Timeline: June 2020 - July 2020

An Android app for downloading fanfiction from various sites and sending them directly to a Kindle device written in Python using Kivy. The backend uses FanFicFare and fiction from any site supported by FanFicFare can be downloaed. Mobi files are sent over email using SMTP.

ColorMean

Timeline: July 2020

A Python script to “pixelify” images, made while I was bored and interested in working with OpenCV.

FIRST Robotics Competition Projects:

The vast majority of software I wrote during High School was for my school’s FIRST Robotics Competition (FRC) team (687 - The Nerd Herd).

PowerUp2018

Also see: https://github.com/nerdherd/PowerUp2018

Timeline: January 2018 - October 2018

While I joined my school’s FRC team in the 2017 season, I didn’t become involved with the software for a competition robot until 2018. Diplo was the first competition robot I worked on software for. I assisted in the development of Diplo’s code, featuring closed loop control of a 2 degree-of-freedom robotic arm and autonomous path following.

DeepSpace2019

Timeline: January 2019 - October 2019

Gigantor was the first robot I wrote code for as a Programming Lead on the team. While writing Gigantor’s code, our team also wrote a software binder describing some of the technology behind the software more in-depth. Our team won the Innovation in Control and Autonomous awards at the regional level for our software in 2019.

InfiniteRecharge2020

Timeline: January 2020 - March 2020

Thomas was the second robot I worked on as a Programming Lead. More information on its code is available in the repo’s README.

NerdyScout

In FRC, teams often “scout” other robots by recording quantitative data on their performance to determine which robots to play alongside in playoff matches. NerdyScout was a scouting system meant to automate large amounts of the task. Scouts record data on robots using a Google Form. NerdyScout scraped the data from the form’s corresponding Google Sheet, analyzed it, and output relevant metrics to another Google Sheet.

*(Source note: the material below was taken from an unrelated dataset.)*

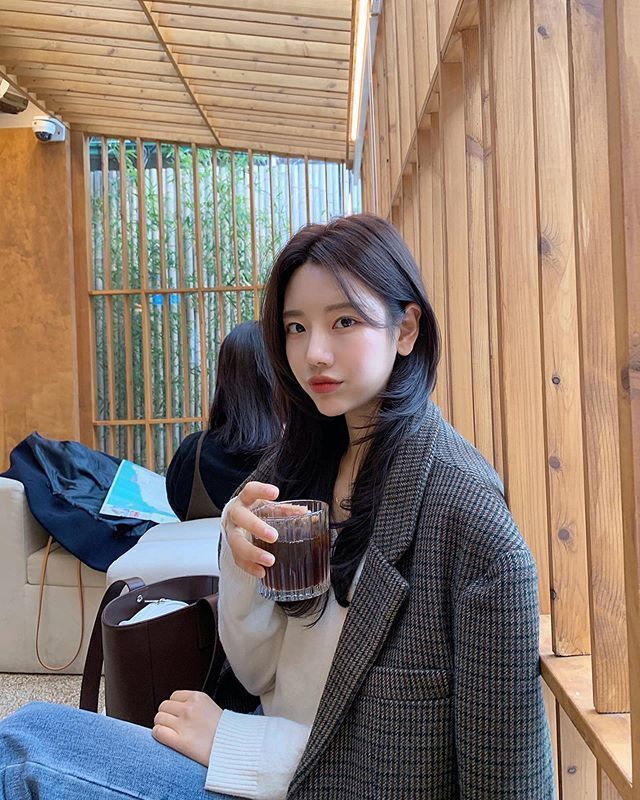 A YouTuber who looks like Suzy.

Timeline: October 2019 - March 2020

NerdyLib

Timeline: January 2019 - March 2020

NerdyLib was our team’s year and robot agnostic software library. It contained all the abstractions that were identical across different robots. For example, every robot we made had a similar drivetrain, so all code relating to the drive could be abstracted away in NerdyLib. The biggest reason I started NerdyLib was because I was getting tired of copy/pasting identical code between the repos for multiple robots.

Drivetrain Simulation

Also see https://github.com/DylanB5402/PurePursuitSim

https://github.com/DylanB5402/DrivetrainSim

Timeline: April 2018 - December 2018

Lacking access to a physical robot at home, I put together a simple physics simulation of a differential drivetrain similar to those frequently seen in FRC to experiment with various pathfollowing algorithms.